When a per-cpu counter cannot fit in [-32..32] it's flushed to the
atomic.  Stat readers only check the atomic.  Thus readers such as
balance_dirty_pages() may see a nontrivial error margin: 32 pages per
cpu.

Assuming 100 cpus:
   4k x86 page_size:  13 MiB error per memcg
  64k ppc page_size: 200 MiB error per memcg

Considering that dirty+writeback are used together for some decisions the
errors double.

This inaccuracy can lead to undeserved oom kills.  One nasty case is
when all per-cpu counters hold positive values offsetting an atomic
negative value (i.e.  per_cpu[*]=32, atomic=n_cpu*-32).
balance_dirty_pages() only consults the atomic and does not consider
throttling the next n_cpu*32 dirty pages.  If the file_lru is in the
13..200 MiB range then there's absolutely no dirty throttling, which
burdens vmscan with only dirty+writeback pages thus resorting to oom
kill.

It could be argued that tiny containers are not supported, but it's more
subtle.  It's the amount the space available for file lru that matters.
If a container has memory.max-200MiB of non reclaimable memory, then it
will also suffer such oom kills on a 100 cpu machine.

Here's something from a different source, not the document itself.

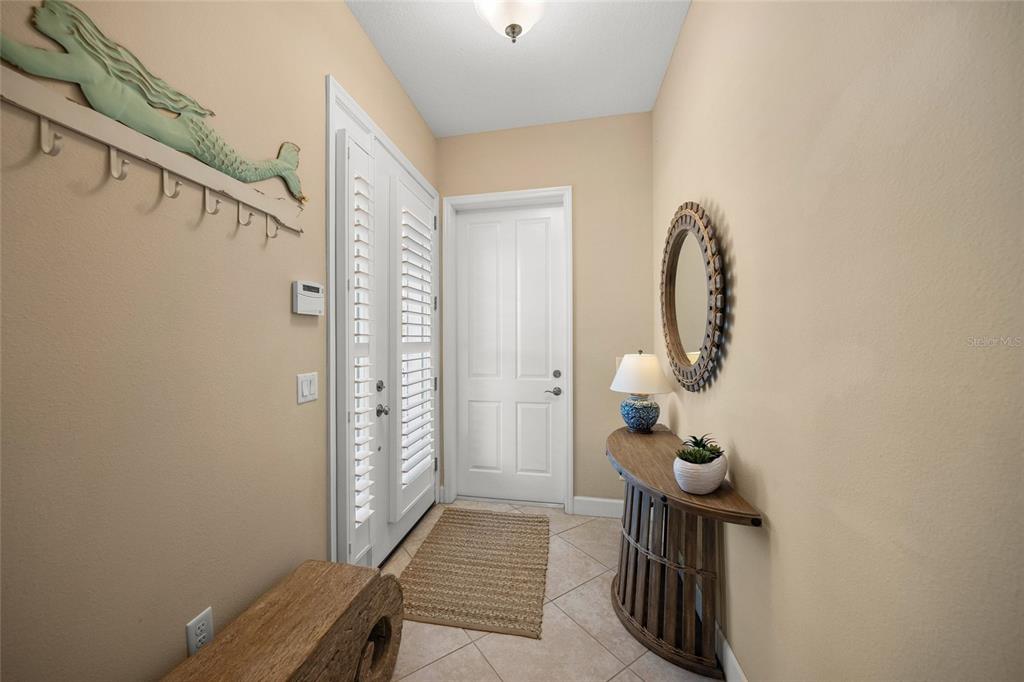 An entryway features a tiled floor, a wooden console table, a mirror, and a mermaid-themed rack — 229 SAPPHIRE LAKE DRIVE UNIT 201, BRADENTON, FL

The following test reliably ooms without this patch.  This patch avoids
oom kills.

  $ cat test
  mount -t cgroup2 none /dev/cgroup
  cd /dev/cgroup
  echo +io +memory > cgroup.subtree_control
  mkdir test
  cd test
  echo 10M > memory.max
  (echo $BASHPID > cgroup.procs && exec /memcg-writeback-stress /foo)
  (echo $BASHPID > cgroup.procs && exec dd if=/dev/zero of=/foo bs=2M count=100)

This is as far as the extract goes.